-- About this exercise --
Only one stretch of the data below is needed. Output the lines from the one with "Kitchen Bedroom Bathroom" up to and including the one with "Colorful Stained Glass Hamsa Metal Wall Art", exactly as they stand.

-- Extracted data --
☆ ☆ ☆ ☆ ☆ ☆ ☆

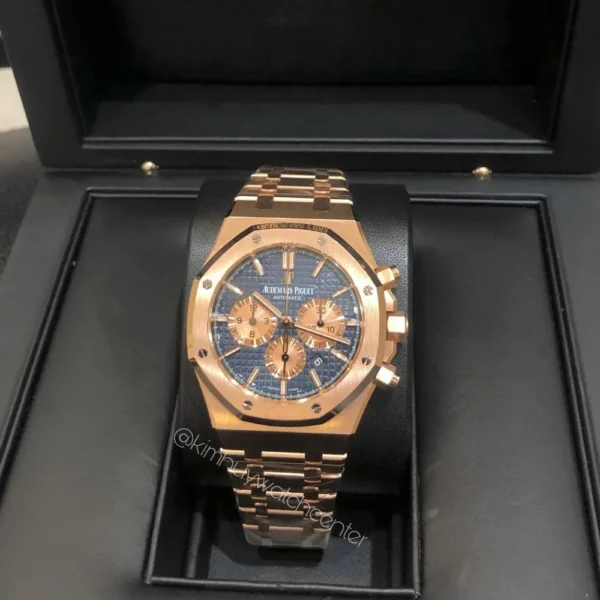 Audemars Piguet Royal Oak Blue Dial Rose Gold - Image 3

☆ ☆ ☆ ☆ ☆ ☆ ☆

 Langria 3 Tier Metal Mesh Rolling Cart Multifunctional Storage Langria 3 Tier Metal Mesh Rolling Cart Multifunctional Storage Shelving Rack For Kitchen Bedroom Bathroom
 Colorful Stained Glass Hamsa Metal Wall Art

☆ ☆ ☆ ☆ ☆ ☆ ☆

-- Exercise output --
 Langria 3 Tier Metal Mesh Rolling Cart Multifunctional Storage Langria 3 Tier Metal Mesh Rolling Cart Multifunctional Storage Shelving Rack For Kitchen Bedroom Bathroom
 Colorful Stained Glass Hamsa Metal Wall Art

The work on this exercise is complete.